§ WHAT THIS TASK INVOLVES
All of the data must be written out verbatim, with pictures excluded.

§ DATASET EXCERPT
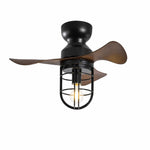 Cargar imagen en el visor de la Galería, 22 inch black flush mount ceiling fan light with cage shade and remote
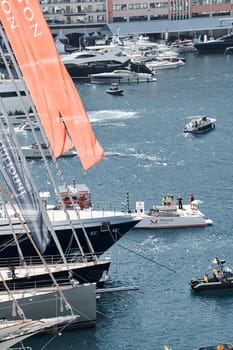 Monaco, Monte Carlo, 27 September 2022 - a lot of luxury yachts at the famous motorboat exhibition in the principality, the most expensive boats for the richest people around the world, yacht brokers. High quality photo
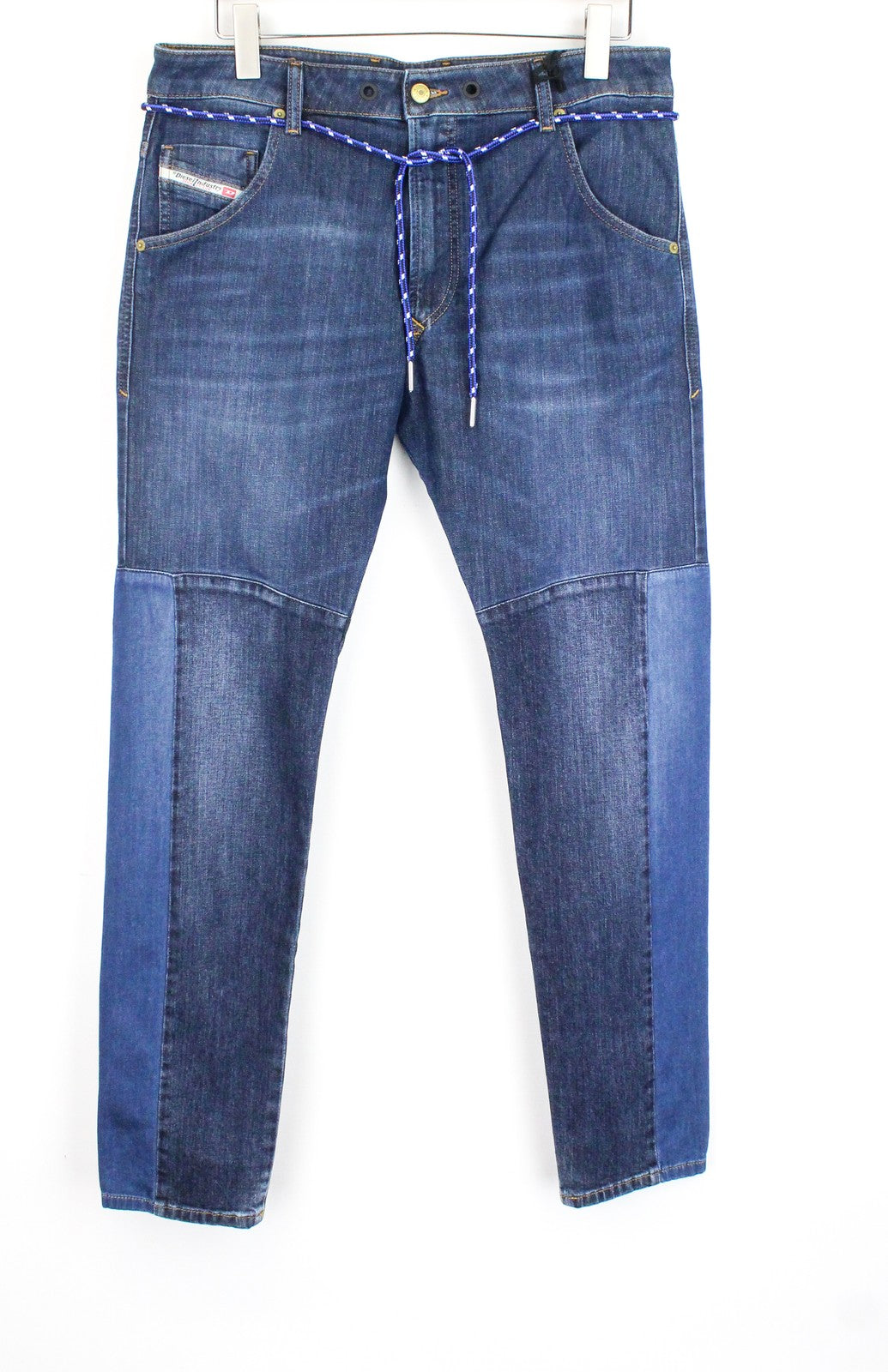 DIESEL D-Luhic-SP-NE 069IU Men Jeans W32 Sweat Jogg Tapered Contrasting Panels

§ TASK RESPONSE
 Cargar imagen en el visor de la Galería, 22 inch black flush mount ceiling fan light with cage shade and remote
 Monaco, Monte Carlo, 27 September 2022 - a lot of luxury yachts at the famous motorboat exhibition in the principality, the most expensive boats for the richest people around the world, yacht brokers. High quality photo
 DIESEL D-Luhic-SP-NE 069IU Men Jeans W32 Sweat Jogg Tapered Contrasting Panels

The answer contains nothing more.